Para ese entonces, Floralba Jiménez, una mujer de voz baja y pausada, tenía una chaza de venta de dulces justo en ese sector. Esa noche le había ido muy bien y decidió ir al Parque Central a pagar una plata que debía. Su hijo, de apenas 12 años, Wilson Javier Cruzada Jiménez, le dijo que se quedaba cuidando el puesto de trabajo.
Aunque ella no quería dejarlo solo, después de mucha insistencia, aceptó. Ya que desde los seis años, el pequeño ya había comenzado a buscar su independencia. Le colaboraba a su madre con las ventas y en las tareas del hogar. Cuando ella trabajaba hasta la madrugada, él hacía el desayuno y el almuerzo, incluso para sus hermanos y hermanas mayores.
“Él era un niño muy decente, no se metía con nadie. Si necesitaba algo, él lo pedía”, recuerda Floralba. Vendía flores, libros de cuentos y pasatiempos para poder tener su propio dinero. Compraba su propia ropa y la de sus hermanos y hermanas. Le gustaba la natación y en La Grama, donde reposa el recuerdo de que fue el lugar donde perdió violentamente la vida, era reconocido por su carisma, su servicialidad y las pecas en su rostro.
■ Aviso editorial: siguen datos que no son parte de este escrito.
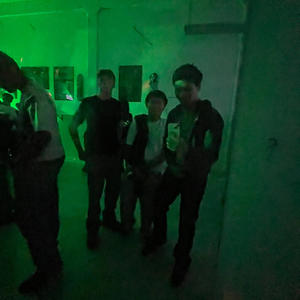 Can't believe it's over (feat. jmz) (Explicit)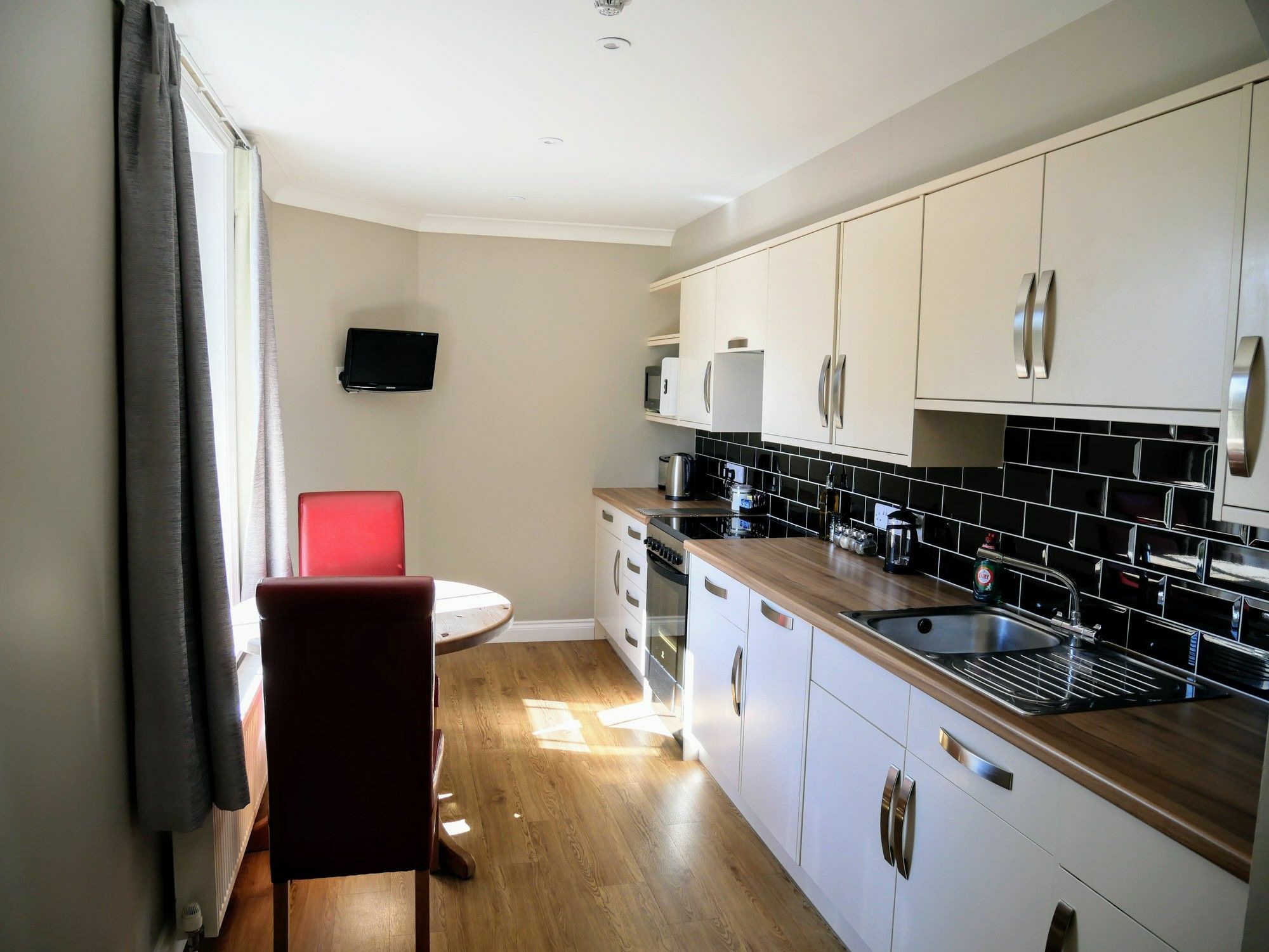 Peartree Serviced Apartments ソールズベリー エクステリア 写真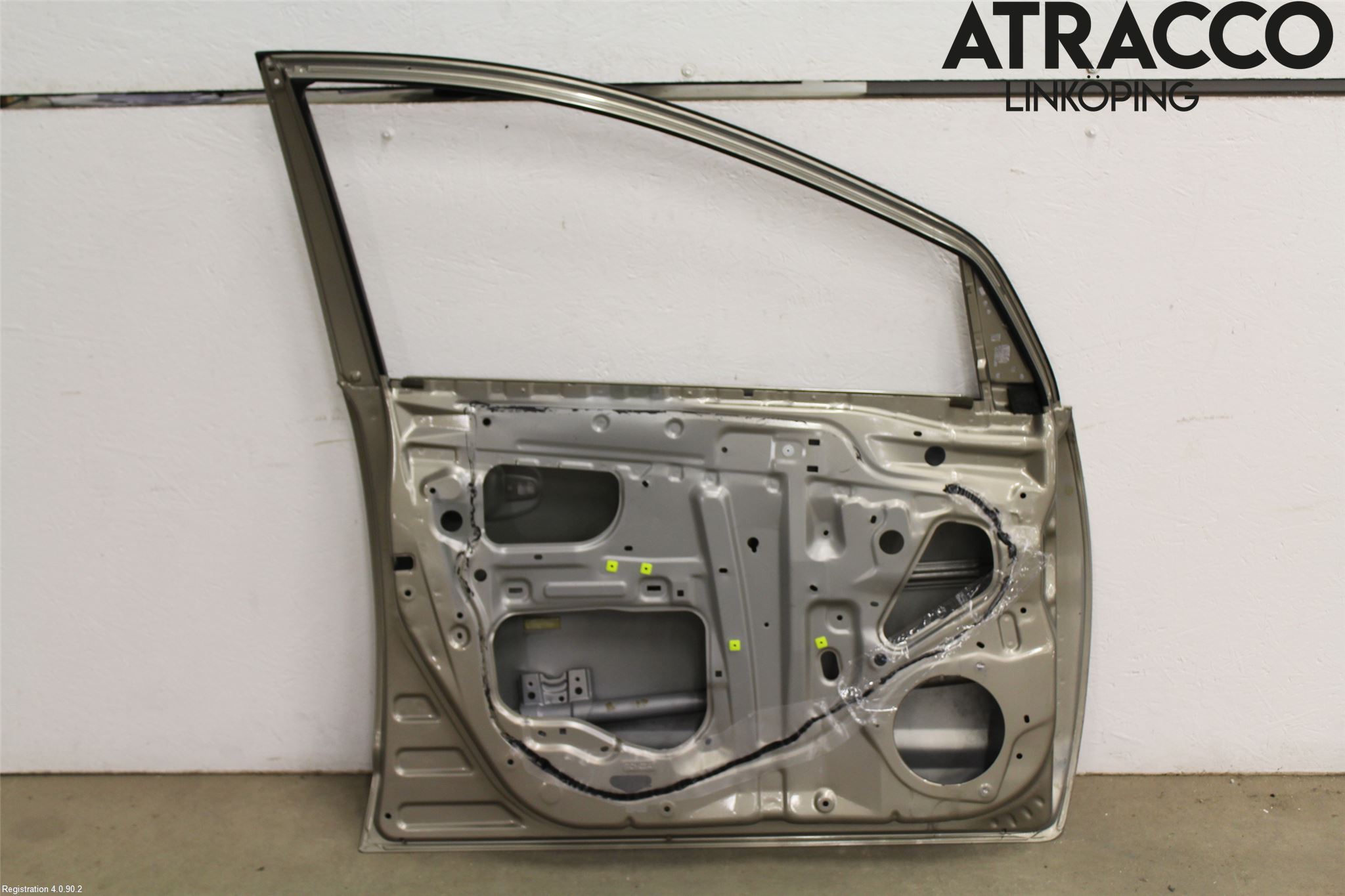 Toyota PRIUS NWH20 04-08 Dörr Fram Vänster
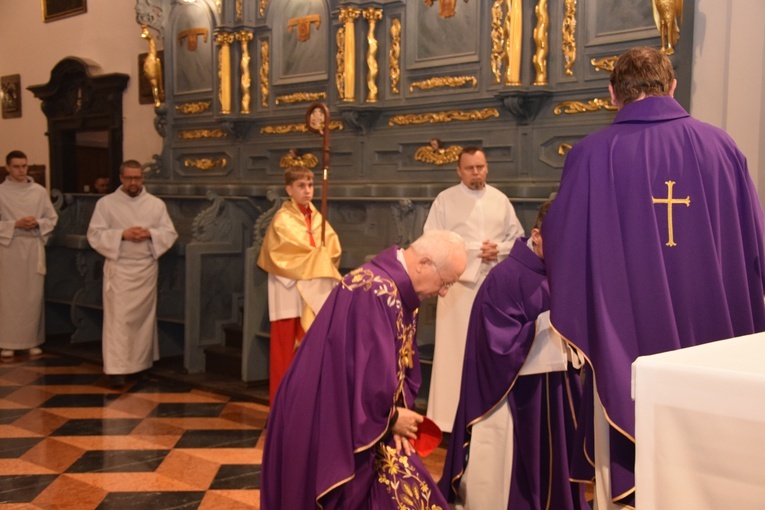 Środa Popielcowa w katedrze łowickiej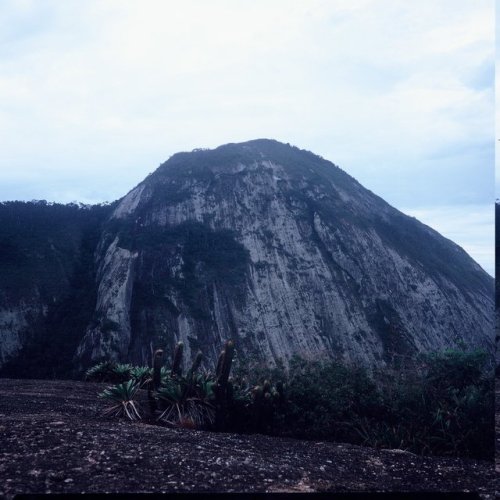 diogofalmeida: Itacoatiara.Fuji Velvia 100 Niterói, Brazil November, 2017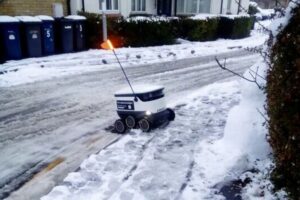 路面凍結で立ち往生した宅配ロボット、助けてくれた人間に「ありがとう」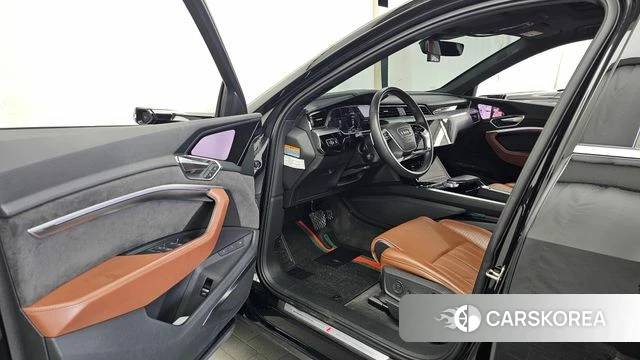Audi e-Tron id 4872195 из Кореи 33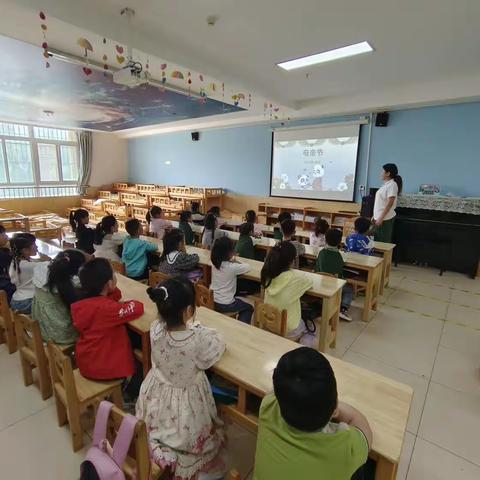 布瑞林特幼儿园大大二班“温情五月，感恩妈妈”主题活动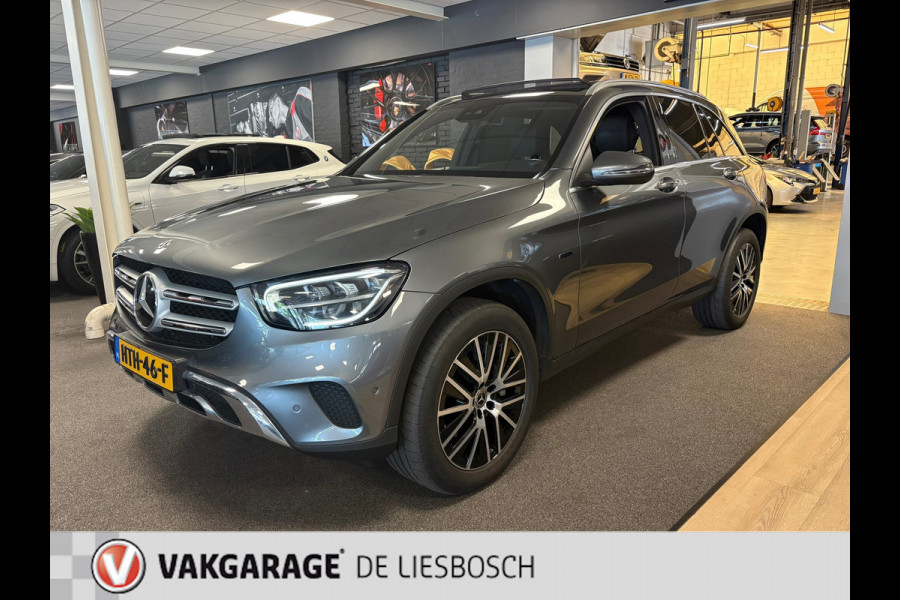 Mercedes-Benz GLC 300e 4MATIC Premium Plus / trekhaak / sfeer verlichting / panorama-dak / virtual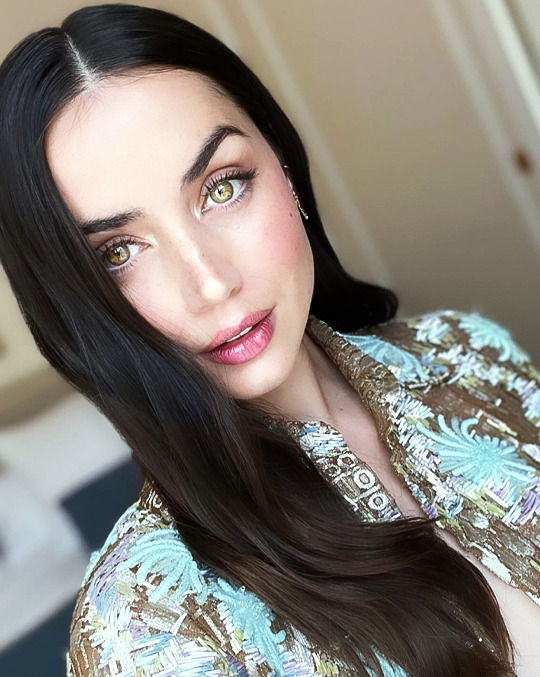 Ana de Armas Models Louis Vuitton Idylle Blossom Fine Jewelry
El miedo que rondaba Villavicencio y el Meta
En aquella época, el Meta y los Llanos eran territorios que sufrían las embestidas del conflicto armado. La zona de distensión en la que se estaban realizando los diálogos de paz entre el gobierno del expresidente Andrés Pastrana y la guerrilla de las FARC-EP quedaba a unas tres o cuatro horas de Villavicencio. Sin embargo, dos meses antes del atentado, la paz se rompió y la violencia en el país se recrudeció.
Andrea Lizcano, una de las víctimas sobrevivientes y actual Secretaria de Gobierno de la Gobernación del Meta, recuerda el temor que se sentía en las calles. “La ciudad quedó sumida en la zozobra y en un estado de duelo. El comercio se vio golpeado, la gente dejó de salir por temor, la zona rosa se vio afectada”, dice mientras sigue a la espera del perdón.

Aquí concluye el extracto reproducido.